Fractal Fract, Vol. 10, Pages 35: Fractional Bi-Susceptible Approach to COVID-19 Dynamics with Sensitivity and Optimal Control Analysis

Fractal and Fractional doi: 10.3390/fractalfract10010035

Authors:
Azhar Iqbal Kashif Butt
Waheed Ahmad
Muhammad Rafiq
Ameer Hamza Mukhtar
Fatemah H. H. Al Mukahal
Abeer S. Al Elaiw

This study introduces a nonlinear fractional bi-susceptible model for COVID-19 using the Atangana–Baleanu derivative in Caputo sense (ABC). The fractional framework captures nonlocal effects and temporal decay, offering a realistic presentation of persistent infection cycles and delayed recovery.
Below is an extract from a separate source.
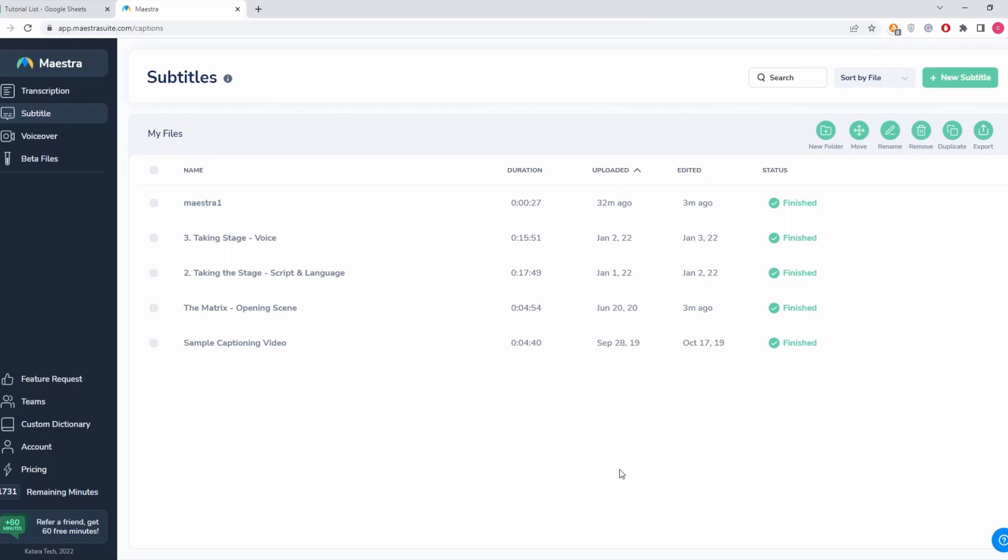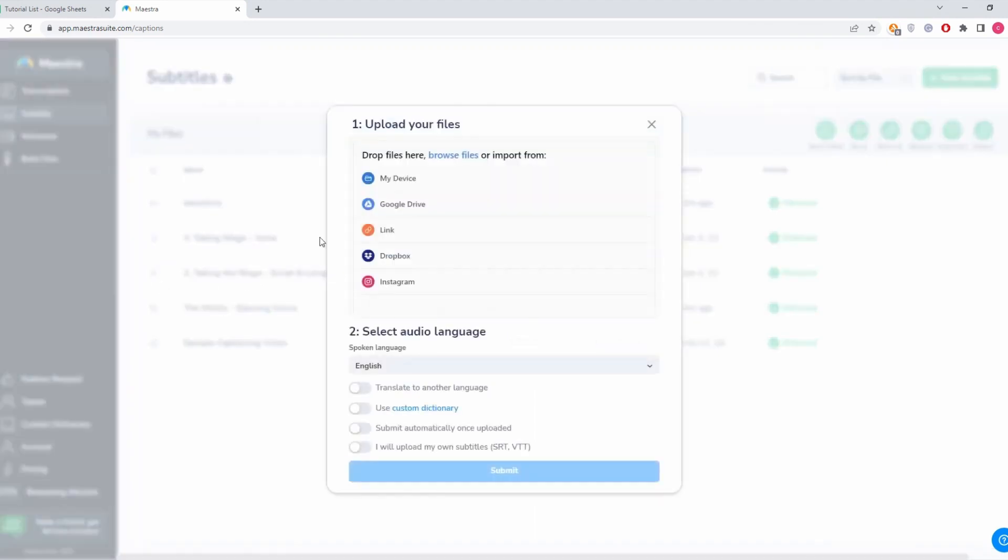Hello guys, so let's talk about subtitling with Maestra. Here on the upper right corner of our screen, we click this new subtitle button. We can see here how we can upload our files to Maestra. You can upload from...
Within this setting, we investigate multiple transmission modes, determine the major risk factors, and analyze the long-term dynamics of the disease. Analytical results are obtained at equilibrium states, and fundamental properties of the model are validated. Numerical simulations based on the Toufik–Atangana method further endorse the theoretical results and emphasize the effectiveness of the ABC derivative. Bifurcation analysis illustrates that adjusting time-invariant treatment and awareness efforts can accelerate pandemic control. Sensitivity analysis identifies the most significant parameters, which are used to construct an optimal control problem to determine effective disease control strategies. The numerical results reveal that the proposed control interventions minimize both infection levels and associated costs. Overall, this research work demonstrates the modeling strength of the ABC derivative by integrating fractional calculus, bifurcation theory, and optimal control for efficient epidemic management.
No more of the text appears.